The day ended with bold speeches against the backdrop of the bosses’ White House, condemning the politicians and the capitalists for their imperialist wars, their racist attacks, and their destruction of the environment, and with a pledge to redouble our efforts in the coming year to smash capitalism!
Newark, NJ May 1— On this May Day, more workers worldwide are fighting the capitalists’ mass layoffs, cutbacks due to government austerity, and police terror. PLP’s idea that nothing short of communist revolution can ever change the fundamental reality of capitalist exploitation, racism and sexism needs to emerge from these struggles. Some workers here are beginning to examine this idea. Their actions reflect a break from the idea that the bosses’ election circus can help our class.
Today, 75 people, including about 25 legal services workers, family members and clients, along with community and union militants, marched against the continued underfunding of free legal services for unemployed and low-wage workers; continued cuts in unemployment benefits and Food Stamps; mass racist unemployment and for jobs; and in solidarity with public school workers and students facing the ax of state-appointed Superintendent Cami Anderson’s school closing plan.
‘Jobs, Yes. Racism, No — Food Stamp Cuts have Got to Go!’
Chants of “Same struggle, same fight, workers of the world unite,” “Whose day, Our day, What day? May Day,” and “Jobs yes, racism no. Food Stamp cuts have got to go” were heard in downtown Newark.
Over 150 CHALLENGE newspapers were distributed. This march was a major organizing effort for local legal services workers, and included a healthy battle over ideas.
After a Nov. 1 march against budget cuts, legal services workers here initiated a War Against Poverty Coalition (WAPC). We reached out to unions, community and neighborhood groups, teachers, students, and service providers for homeless people. In February, the WAPC decided to organize today’s march with two demands: jobs at living wages, and restore cuts to the safety net. A demand to stop attacks on public school students, parents and teachers was added.
A sharp debate took place within the WAPC over whether politicians who said they supported the demands of the march should be allowed to speak on May Day. Some honestly believed that having the politicians on our side will help win our demands. They also didn’t see a viable alternative to voting as a way to change the system. Opponents strongly argued that, no matter who the individual politician is, their role is to serve the current masters of society, the ruling class. They also said that any politician who speaks will use that opportunity for their own narrow political purpose — getting elected.
The Coalition decided to only recognize those politicians who supported the demands of the march, but to not allow them to speak. Because there are hotly-contested May 13 mayoral and city council elections, various Democratic Party candidates or staffers contacted the Coalition and unsuccessfully tried to worm their way on to the speakers’ list. However, WAPC stuck to its position.
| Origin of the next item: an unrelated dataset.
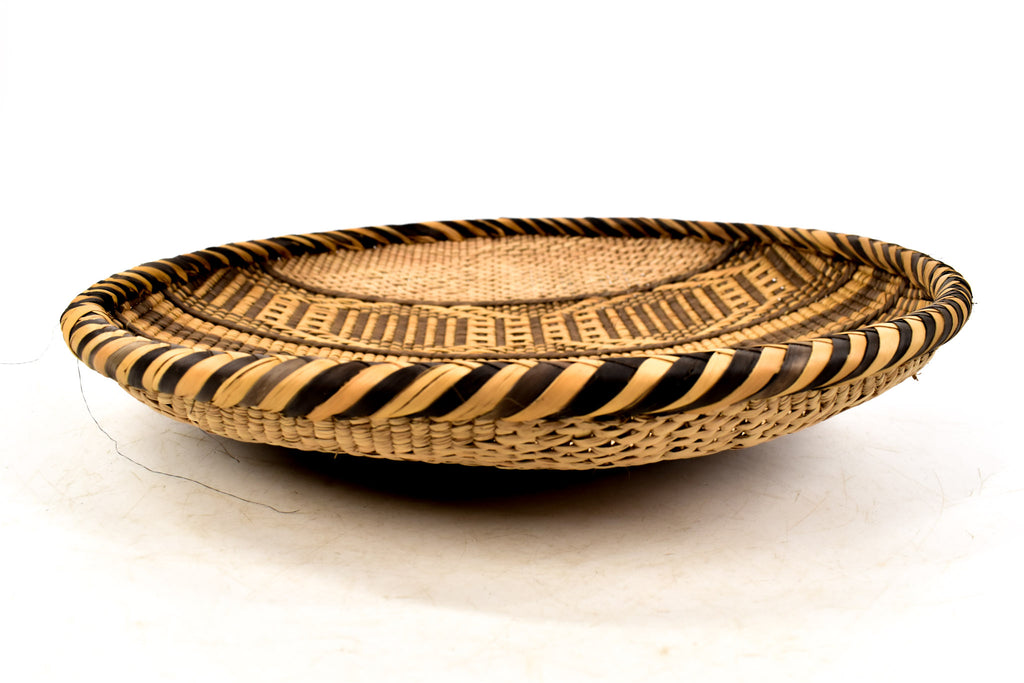 Gokwe Basket Zimbabwe 14 Inch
The legal services worker who spoke for WAPC linked the cutbacks to war preparations. She said U.S. bosses “are trying to use us as mere pawns in their war games in their battle for supremacy against other international imperialists around the globe” and said that we should fight back instead of allowing these same bosses to place us “in a Hunger Games Arena.”
The community fighter stated it was not enough to fight for reforms; that we must also fight for revolution to change the economic and political system that workers live under. However, he hoped such a revolution would not require violent struggle. He invoked Martin Luther King’s pacifism and Frederick Douglass’s call to action against slavery.
Only Armed Struggle Can Topple the Bosses
PLP says there can’t be a peaceful revolution to get rid of capitalism. For centuries, oppressed people who rose up against their masters, kings and bosses to change conditions were violently suppressed by these same rulers. The struggle to abolish chattel slavery in the U.S., which did not end all forms of exploitation here, only came through armed struggle against the armies of the plantation owners. As Marx said, “Force is the midwife of every old society pregnant with a new one.” It has taken many lost lives and broken spirits for class-conscious workers to realize that neither the election of “progressive” candidates, or a mass reform movement, or both, can break the power of any boss-run government.
The final rally ended with the singing of the Internationale, a song written by a transport worker who fled the Paris Commune (an uprising of workers that led to the first worker-run government in the world) in 1871 to escape the slaughter of 30,000 Communards by the army of the French capitalists. One worker was inspired and asked for words to that song. As we move to the next stage in this struggle against capitalism, we are a step closer to the “better world in birth” that PLP is fighting for.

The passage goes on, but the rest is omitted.